··· SUPPLIED MATERIAL ···

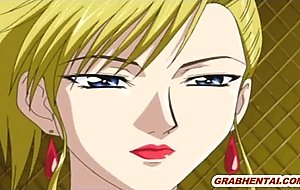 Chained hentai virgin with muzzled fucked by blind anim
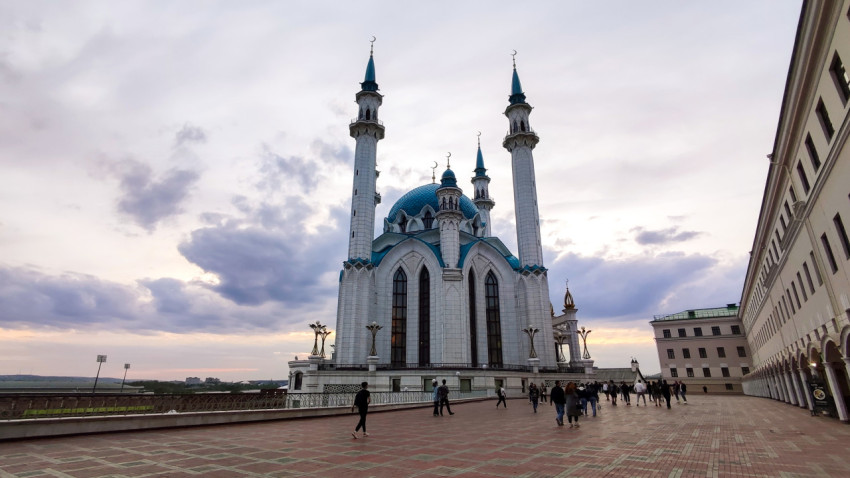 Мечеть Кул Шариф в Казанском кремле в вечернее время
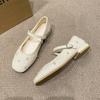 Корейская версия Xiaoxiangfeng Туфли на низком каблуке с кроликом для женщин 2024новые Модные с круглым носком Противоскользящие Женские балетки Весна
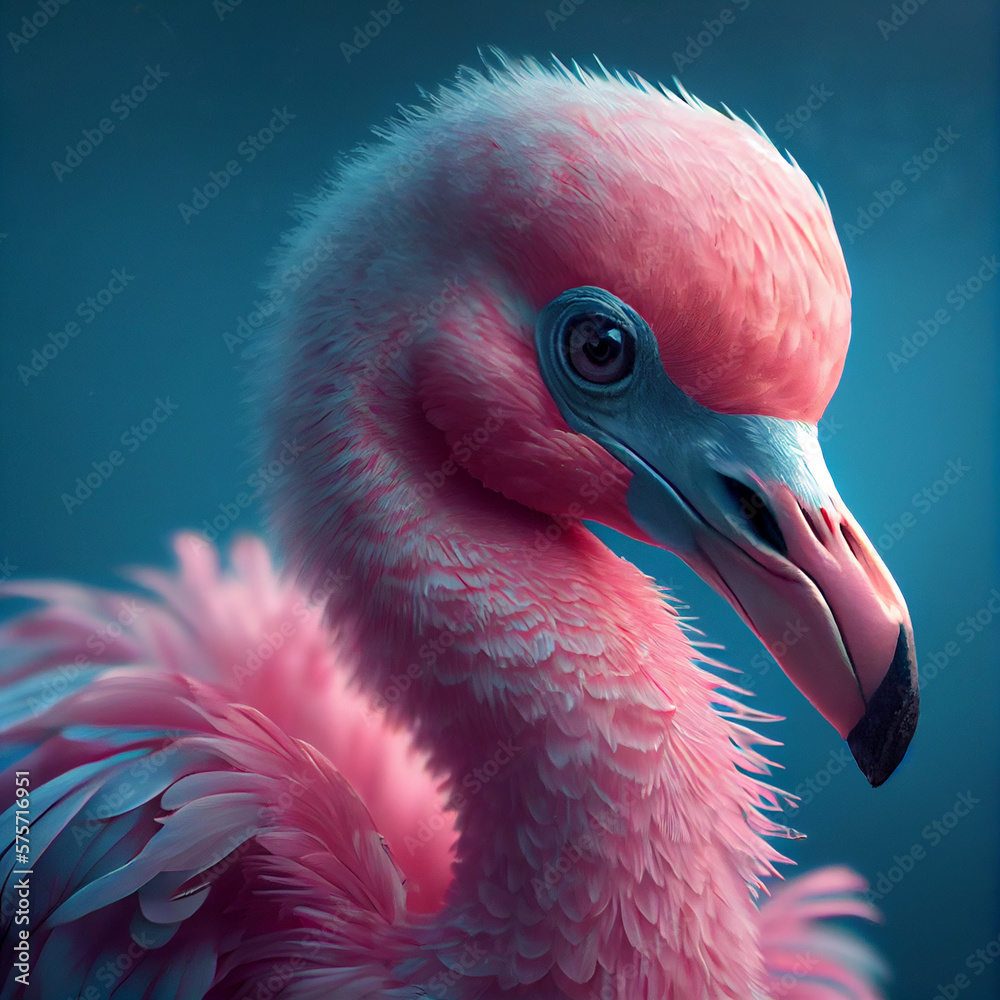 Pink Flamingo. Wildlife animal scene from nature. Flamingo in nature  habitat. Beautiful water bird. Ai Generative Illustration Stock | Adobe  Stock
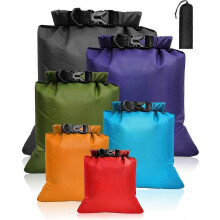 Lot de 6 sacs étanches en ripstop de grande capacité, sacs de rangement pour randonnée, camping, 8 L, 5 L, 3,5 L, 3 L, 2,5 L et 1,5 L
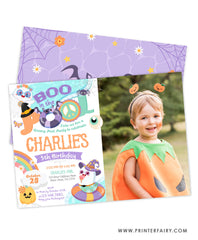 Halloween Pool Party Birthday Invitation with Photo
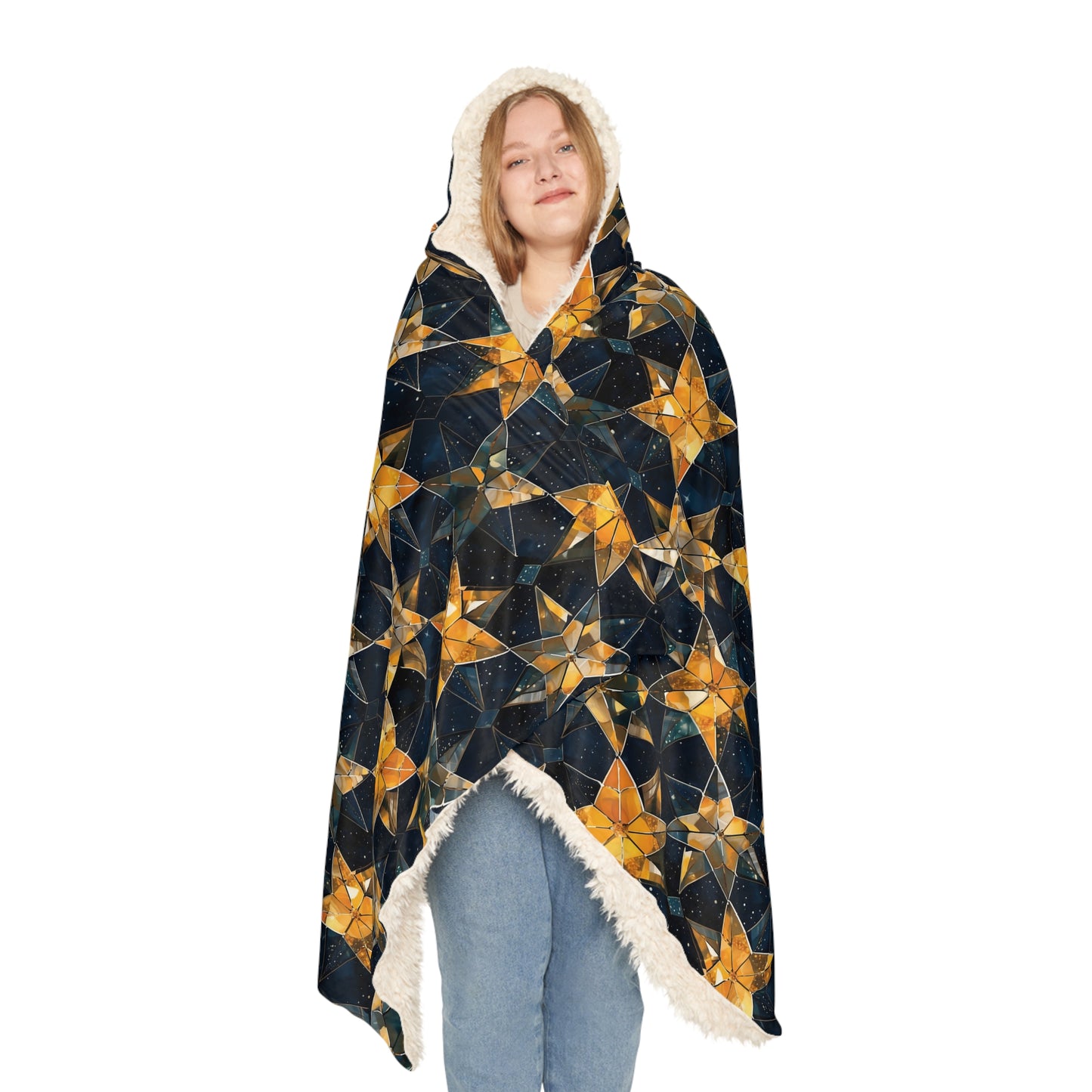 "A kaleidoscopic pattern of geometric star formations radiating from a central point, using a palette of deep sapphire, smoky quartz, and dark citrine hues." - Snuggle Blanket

···

[WORK REQUEST]: From the first line to the last, please copy the data exactly, with the pictures left out.

[RESPONSE FOR THIS EXERCISE]:
 Chained hentai virgin with muzzled fucked by blind anim
 Мечеть Кул Шариф в Казанском кремле в вечернее время
 Корейская версия Xiaoxiangfeng Туфли на низком каблуке с кроликом для женщин 2024новые Модные с круглым носком Противоскользящие Женские балетки Весна
 Pink Flamingo. Wildlife animal scene from nature. Flamingo in nature  habitat. Beautiful water bird. Ai Generative Illustration Stock | Adobe  Stock
 Lot de 6 sacs étanches en ripstop de grande capacité, sacs de rangement pour randonnée, camping, 8 L, 5 L, 3,5 L, 3 L, 2,5 L et 1,5 L
 Halloween Pool Party Birthday Invitation with Photo
 "A kaleidoscopic pattern of geometric star formations radiating from a central point, using a palette of deep sapphire, smoky quartz, and dark citrine hues." - Snuggle Blanket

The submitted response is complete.